Bangladesh has a documented migration history related to British colonialisation, the establishment of the Pakistan regime, independence from Pakistan in 1971, and modern climate change impacts (Alam, Citation2018; Percot, Citation2018). Livelihood shifts arising from salinisation, sea level rise, storm surges, and shifting rain patterns compound social and political issues nationally and regionally and factor into migration decisions (Mallick & Etzold, Citation2015; Penning-Rowsell et al., Citation2013). However, migration trends as well as the severity and frequency of environmental events differ across the country. The coastal zone, which includes 19 districts and 147 sub-districts and has direct proximity to the Bay of Bengal, is more vulnerable to climate change consequences than other areas. This region is a hotspot for climate-change-related natural hazards, with public life and livelihood activities often disrupted due to cyclones, floods, riverbank erosion, or salinity ingress (Etzold & Mallick, Citation2016). Seasonal hazards such as north-wester, monsoon flooding, land-slides, and riverbank erosion have produced an environmental migration profile generally characterised by temporary and inward (away from coasts) migration. Sometimes, poorer household heads or men temporarily seek work in urban areas to supplement income and address financial problems caused by the disaster while keeping their dependents in place (Biswas & Mallick, Citation2021).

The coastal zone accounts for 32% of the area and 28% of the population of Bangladesh, and is divided into three regions: southeast, central and southwest coast. The southwest zone, in particular, is witnessing substantial outmigration and unpredictable demographic futures (Ahsan et al., Citation2022; Naser et al., Citation2019). Migration, especially from rural to urban, is common, and past work has shown that one-third of families in this region have sent a male migrant to a nearby city (temporarily or permanently) immediately after an extreme environmental event (Ahsan et al., Citation2002; Mallick & Vogt, Citation2012).

The natural environment in the southwestern region is also unique. Since the 1960s, polders, or dams that enclose low-lying land to offer protection from flooding, have been used in the coastal region to manage flood risk. There exist 139 polders in this coastal region of Bangladesh, and these polders have contributed significantly to the socio-economic and environmental conditions of this region (Masud et al., Citation2017). River-bank erosion is also notable in the area, though not everyone is affected by this highly localised hazard. Exposure to cyclones and salinity encroachment into groundwater are challenges in this region. These complex factors related to the population, natural environment, and built environment have made the region of southwest coastal Bangladesh a prime area for environmental migration studies (Ahsan et al., Citation2022; Mallick & Vogt, Citation2014; Penning-Rowsell et al., Citation2013).

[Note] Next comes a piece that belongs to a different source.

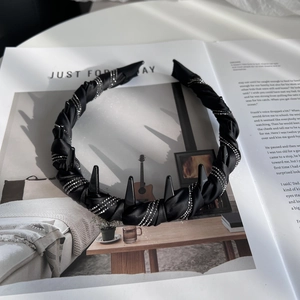 Details vom Satin-Haarreif mit silbernen Strasssteinen und schwarzen Punk-Spikes Verzierung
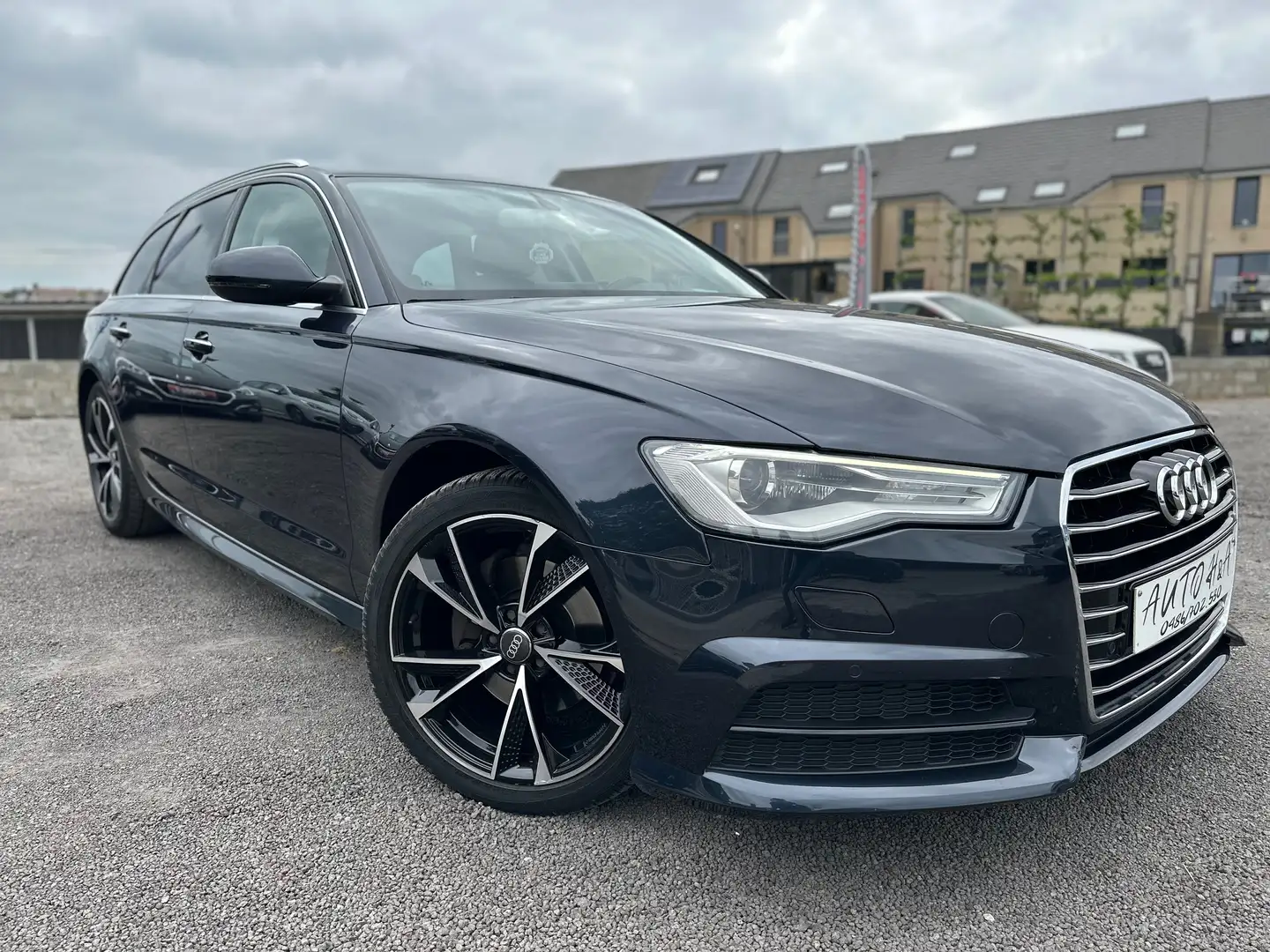 Audi A6 Avant 2.0 TDi ultra S tronic Blauw - 2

We have selected this southwestern coastal region of Bangladesh as the study area due to the prevalence of environmental changes in recent decades and the associated migration and non-migration profile. While selecting the study communities to survey, we considered the environmental conditions that influence livelihood conditions. For instance, proximity to a river has an impact on household vulnerability (Ahsan & Khatun, Citation2020) in a poldered community (Auerbach et al., Citation2015). Soil salinity also impacts agricultural production, household income (Chen & Mueller, Citation2018), and land-use change (Parvin et al., Citation2017). People living close to the coast are more vulnerable to cyclone hazards; distance from the coast is also an essential aspect of livelihood vulnerability. We consider the zoning of ‘severity to cyclone hazard’ provided by the government of Bangladesh as one of the major selection criteria for study villages. We selected two villages from the high risk of cyclone zone, two villages from the moderate risk of cyclone zone, and one village from the less risk of cyclone zone. Thus, the factors considered for the selection of the study villages are (1) cyclone disaster trends - high to low, (2) salinity amount - high to low, (3) land-use type, (4) proximity to the river, and (5) the presence of a polder.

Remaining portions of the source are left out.